Marco Rubio warned Iowans Sunday against voting for Donald Trump or Ted Cruz, arguing they would lose the general election, in his closing argument before Monday’s caucuses.
Speaking to a crowd of more than 500 at a Cedar Rapids rally, the Florida Senator argued that electability should be of paramount importance, warning of dire consequences should Democrats win. The message didn’t specifically name his rivals, but warned against taking “a chance” on candidates who can’t win.
“Here’s what I want you to understand, tomorrow we can’t just go and make a point,” Rubio said. “Tomorrow you must caucus in my opinion, respectfully, for someone who gives us a chance to win, not just the nomination, not just someone who has the chance to win the nomination. Someone who has a chance to win the presidency.”
“If we don’t nominate someone that can win, if we take a chance and don’t nominate someone that can win—I’ve already described to you what the outcome is,” he continued, warning that if Democrats win, Obamacare would become permanent and that the balance of the Supreme Court could shift for a generation.

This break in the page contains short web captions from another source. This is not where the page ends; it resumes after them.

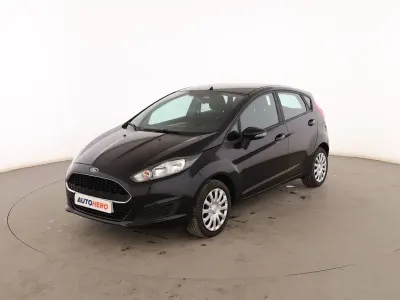 Usado Ford Fiesta Trend 82 CV (60 kW) 2016 Negro Utilitario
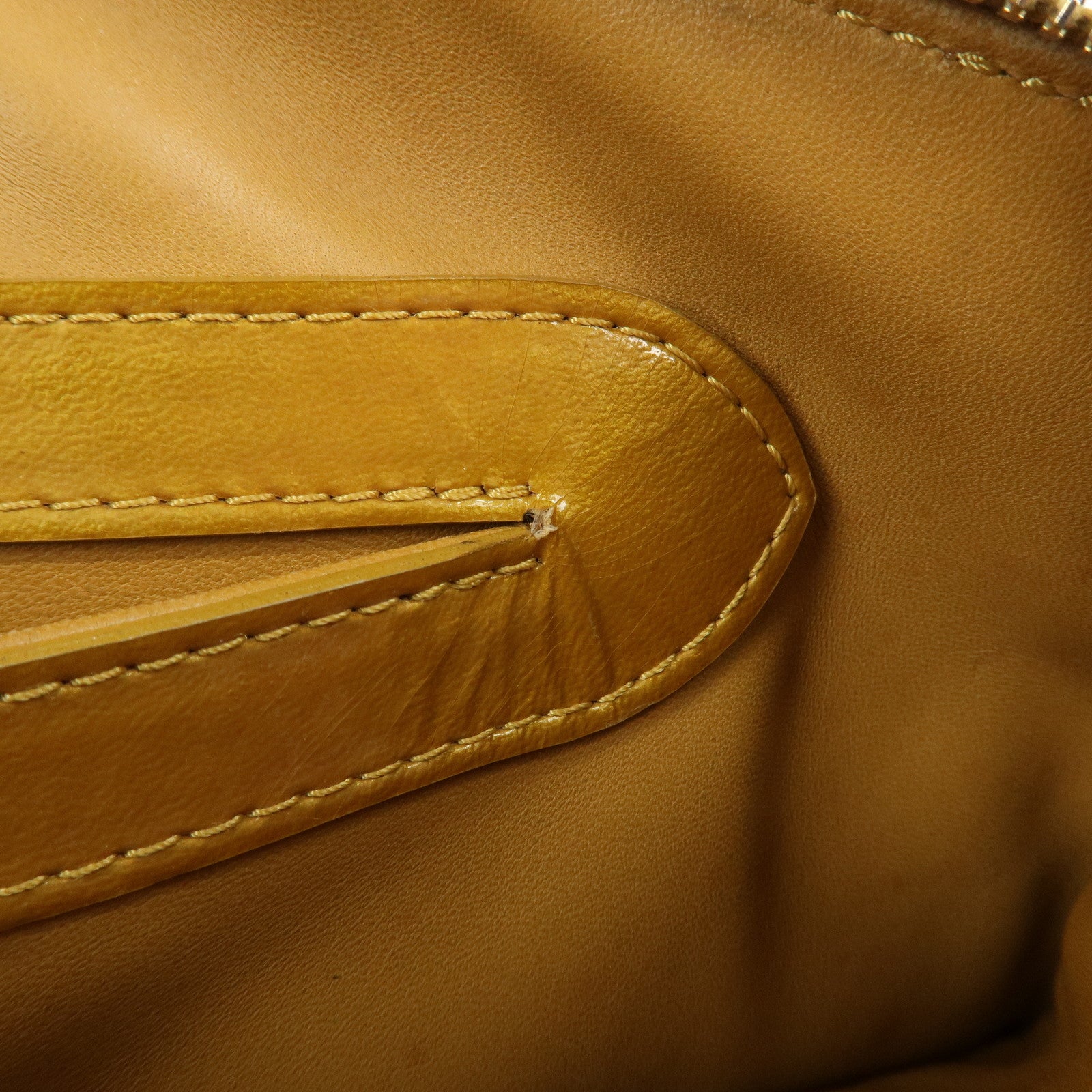 Louis Vuitton Monogram Lockit Bouclette Hand Bag Gold M40601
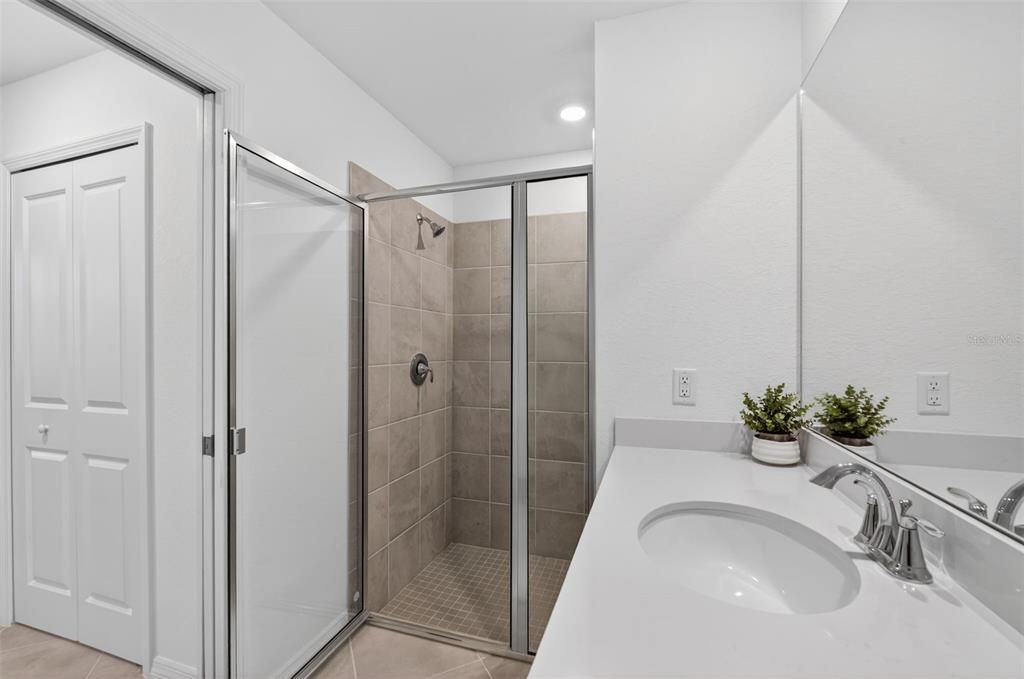 待售: $255,000 (2 贝兹, 2 浴室, 1180 平方英尺)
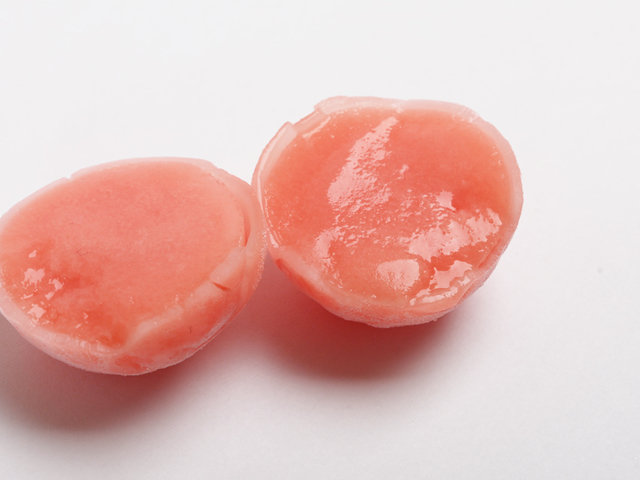 「アイスの実 ピンクグレープフルーツ」194円（税込）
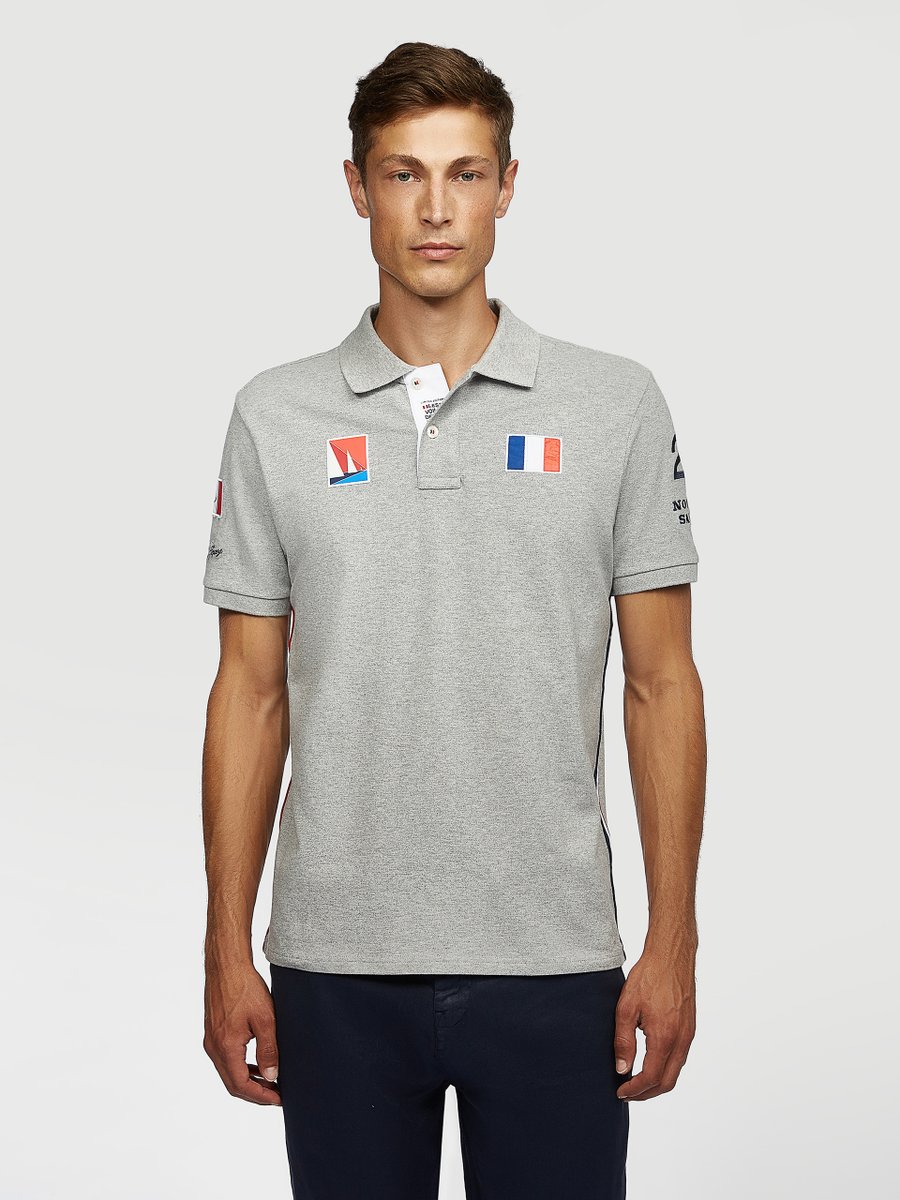 VoilesdeStTrop's tweet photo. Polo homme, l'essentiel de la collection en édition limitée.
Rendez vous dans nos boutiques pour découvrir le reste de la collection 2020.
#vst43 #lesvoilesdesttropez #lesvoilesdesainttropez #lesvoilesdesttrop #sainttropez #northsails #collection2020 #boutiquevst43 https://t.co/8oJojx9lYt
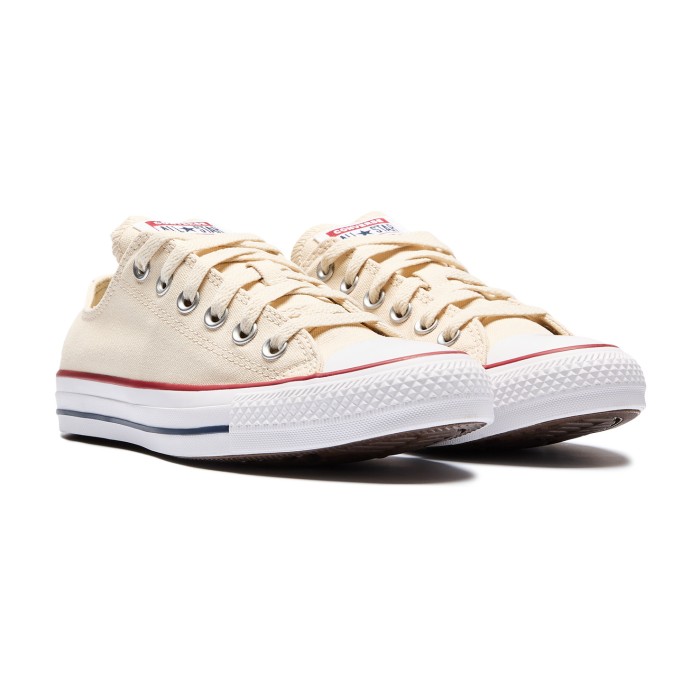 кеды chuck taylor all star от бренда converse вид слева
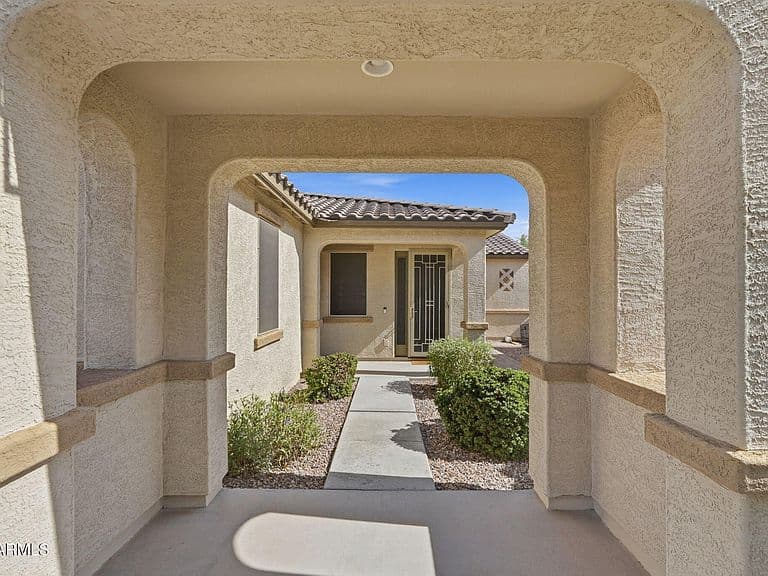 13099 N 91ST Drive photo 4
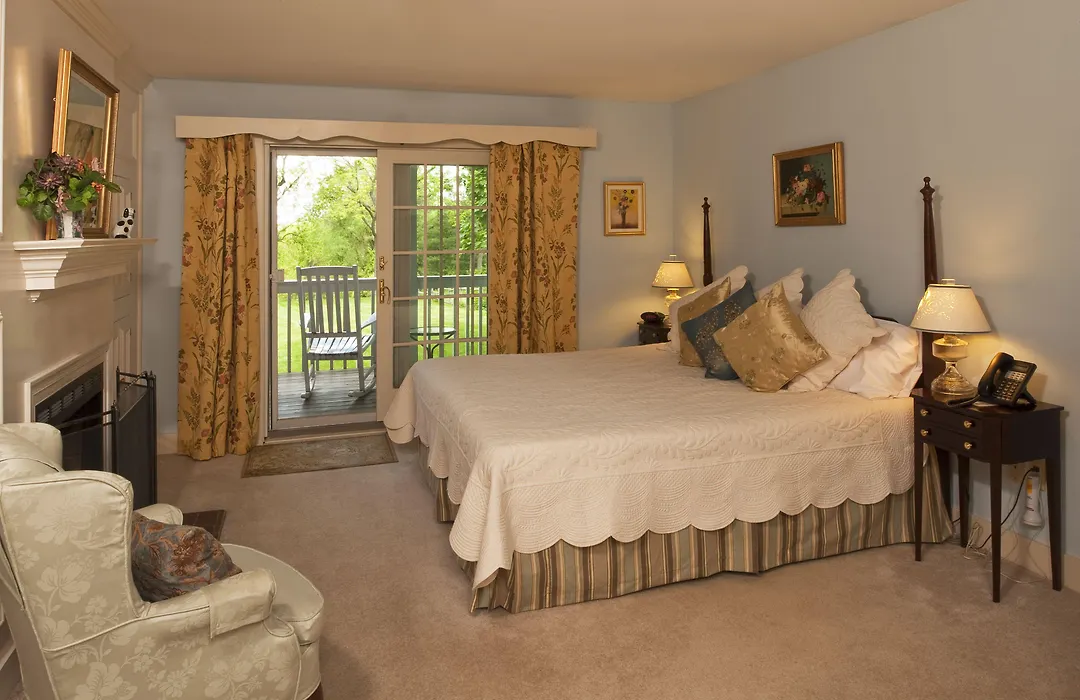 Fairville Inn-1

“The outcome will be that four years from now this speech I gave today might not be possible, it might be too late,” he said. “I ask you to please caucus for me because I know I can win.”
Later Sunday, at his final rally in Davenport, Iowa, Rubio made a fresh appeal to voters of those candidates and of lesser-polling ones to defect for his campaign.
“Perhaps you came here tonight and had someone else in mind,” he said. “Maybe it’s someone whose campaign has not done as well as they’d hoped, they’re not going to win Iowa, not going to win the nomination. I would ask you, with all due respect to consider switching. Because if I’m our nominee, we’re going to win.”
Unlike Cruz, who is focused on turning out low-propensity GOP voters, Rubio speaks openly about the need to win over additional voters to the GOP cause—a central component of his stump speech in the final days of campaigning.
“We’re not just going to unite the conservative movement, we’re going to grow it,” he said earlier in Cedar Falls, Iowa. “We are going to reach millions of people who aspire to a better future and I am going to be able to say to them, I grew up the way you are now. I come from where you come from.”
Rubio is betting that enough voters will be swayed in the final hours by his argument to give him momentum out of Iowa.